April

Application period (part 2)

Now that everything is running, we can gather some data!

Final setup

Dockerfile

FROM maven:3.6.0-jdk-11
WORKDIR /app

# Download webgraph binary
RUN curl -O http://webgraph.di.unimi.it/webgraph-3.6.1-bin.tar.gz
RUN tar xvfz webgraph-3.6.1-bin.tar.gz
RUN cp webgraph-3.6.1/webgraph-3.6.1.jar .

# Download webgraph dependencies
RUN curl -O http://webgraph.di.unimi.it/webgraph-deps.tar.gz
RUN tar xvfz webgraph-deps.tar.gz

# Download LAW (for LLP ordering)
RUN curl -O http://law.di.unimi.it/software/download/law-2.5.1-bin.tar.gz
RUN tar xvfz law-2.5.1-bin.tar.gz
RUN cp law-2.5.1/law-2.5.1.jar .

# Monitoring
RUN apt-get update
RUN apt-get install -y time

WORKDIR /graph
COPY compress_graph .

compress_graph

#!/bin/bash

DATASET=release_to_obj

setup_dataset() {
    # Download the edge list
    curl -O https://annex.softwareheritage.org/public/dataset/swh-graph-2019-01-28/edges/$DATASET.csv.gz
    # Uncompress the edge list
    gunzip $DATASET.csv.gz
    mv $DATASET.csv $DATASET.edges
    # Compute the node list
    tr ' ' '\n' < $DATASET.edges | sort -u > $DATASET.nodes
}

java_cmd () {
    /usr/bin/time -v java -Xmx256G -cp /app/'*' $*
}

mkdir -p bv bv_llp bv_sym

# Build a function (MPH) that maps node names to node numbers in lexicographic order (output: $DATASET.mph)
java_cmd it.unimi.dsi.sux4j.mph.GOVMinimalPerfectHashFunction $DATASET.mph /data/graph/$DATASET.nodes

# Build the graph in BVGraph format (output: $DATASET.{graph,offsets,properties})
java_cmd it.unimi.dsi.webgraph.ScatteredArcsASCIIGraph -f $DATASET.mph bv/$DATASET < /data/graph/$DATASET.edges

# Create a symmetrized version of the graph (output: $DATASET.{graph,offsets,properties})
java_cmd it.unimi.dsi.webgraph.Transform symmetrizeOffline bv/$DATASET bv_sym/$DATASET

# Find a better permutation through Layered LPA (output: $DATASET.llpa)
java_cmd it.unimi.dsi.law.graph.LayeredLabelPropagation bv_sym/$DATASET $DATASET.llpa

# Permute the graph accordingly (output: $DATASET.{graph,offsets,properties})
java_cmd it.unimi.dsi.webgraph.Transform mapOffline bv/$DATASET bv_llp/$DATASET $DATASET.llpa

# Compute graph statistics (output: $DATASET.{in*,out*,stats})
java_cmd it.unimi.dsi.webgraph.Stats -s bv/$DATASET
java_cmd it.unimi.dsi.webgraph.Stats -s bv_llp/$DATASET
java_cmd it.unimi.dsi.webgraph.Stats -s bv_sym/$DATASET

To build and run the docker container:

$ docker build -t dataset .
$ docker run --name dataset --volume /path/to/graph/:/data -ti dataset:latest bash

Where the /path/to/graph/ directory contains the edges and nodes lists.
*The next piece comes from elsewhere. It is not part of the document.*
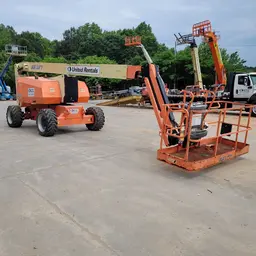 2015 JLG 800AJ Articulating Boom Lift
The Docker volume enables you to easily access the graph stored outside of the container itself.

Results

As a reminder, the VM used had 2TB of RAM and 128 vCPUs. Also note that these results may vary because the LLP step uses random permutations.
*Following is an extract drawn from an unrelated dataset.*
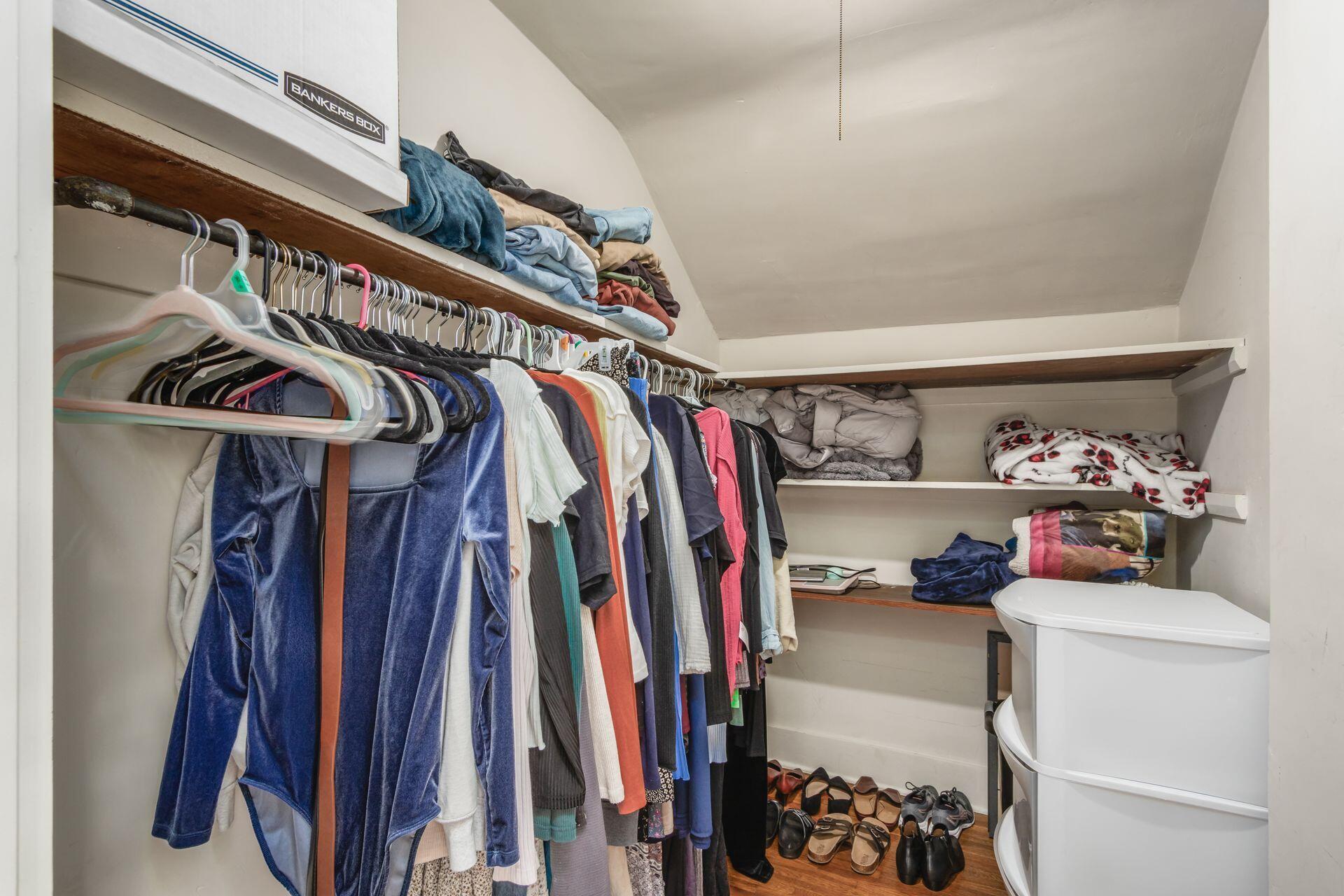 22 East Pacemont Road Columbus, OH 43202 - Photo 20 of 26 025 Second Walk-in closet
Datasets are taken from here: https://annex.softwareheritage.org/public/dataset/graph-compression/swh-graph-2019-01-28/edges/

/img/gsoc2019/table1_compression_results.png — Table 1: Graph compression results

/img/gsoc2019/table2_datasets_analysis.png — Table 2: Datasets analysis

To count the nodes and edges, I used GNU Parallel tool:

$ parallel --pipepart -a dataset wc -l | awk '{s+=$1} END {print s}'

/img/gsoc2019/table3_compression_timings.png — Table 3: Graph compression timings

I also tried to get monitoring running for memory and CPU consumption. To monitor the Docker container, I chose cAdvisor, Grafana and Prometheus.
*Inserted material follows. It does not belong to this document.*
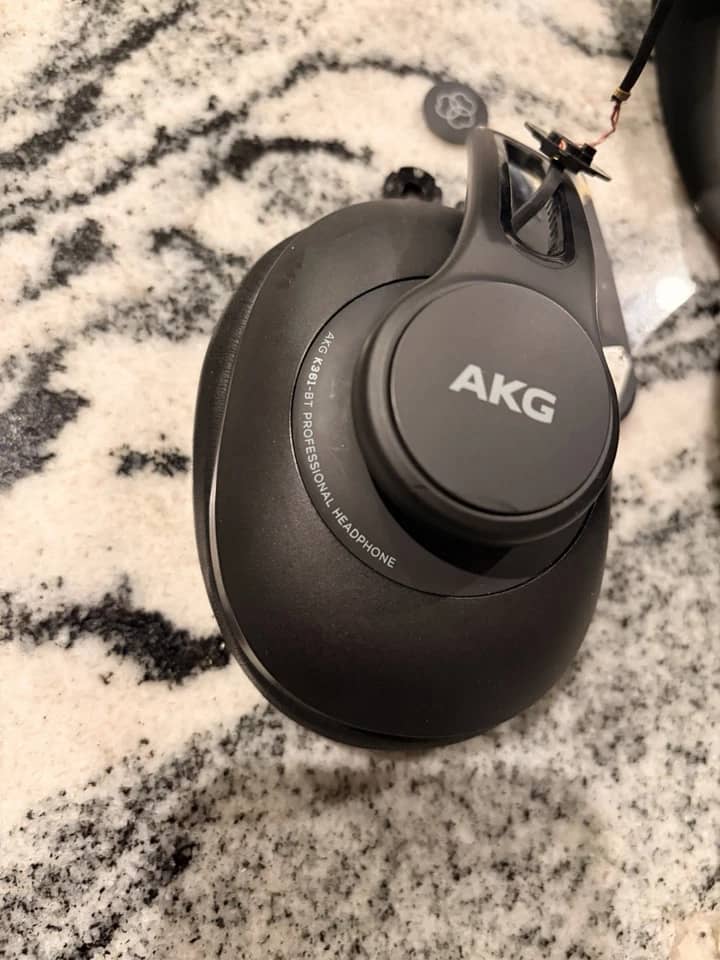 AKG K361 Headphones & Earbuds Black New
The cadvisor documentation suggests to run this Prometheus monitoring. One problem I could not fix was cadvisor metrics not reading correctly the CPU stats (even with --enable_load_reader=true). Even though the CPU consumption is not the most interesting/relevant metric here, I tried and search for solutions but ended up running out of time since the VM was only available for two weeks, so I started the experiments anyway. To access the Grafana dashboard you can setup SSH port forwarding:

$ ssh -L localhost:3000:localhost:3000 your_server

/img/gsoc2019/table4_compression_mem.png — Table 4: Graph compression memory usage

This table shows max memory usage (obtained with time --verbose). The Docker monitoring memory graphs look like this:

/img/gsoc2019/docker_monitoring_mem.png — Docker monitoring memory usage (snapshot_to_obj)

After all the time -v command seems to be more practical since you can measure individual steps, and it is not affected by any Docker container memory overhead.

Conclusion

These experiments took many tries before obtaining the final results. I was entirely new to WebGraph, Docker, Grafana/Prometheus monitoring (+ the cadvisor problem about reading CPU stats). I had to re-start from scratch multiple times the compression script because of the above reasons, but also the Java heap running out of space or even disk space being full!

Additionally, the overhead needed to download/uncompress the edge list and to create the node list prevented me to run any sort of experiments on the really huge datasets (terabytes files).

In the end, the results are still very interesting and give us first feedbacks on using the WebGraph framework!

Students selection period (part 1)

After the two weeks, we needed to downscale the VM to 256GB of RAM and 64 vCPUs, and free up some disk space. We uploaded all the results at Software Heritage annex: https://annex.softwareheritage.org/public/dataset/graph-compression/output/. Moving all this data around took quite some time, and meant doing some cleaning up too.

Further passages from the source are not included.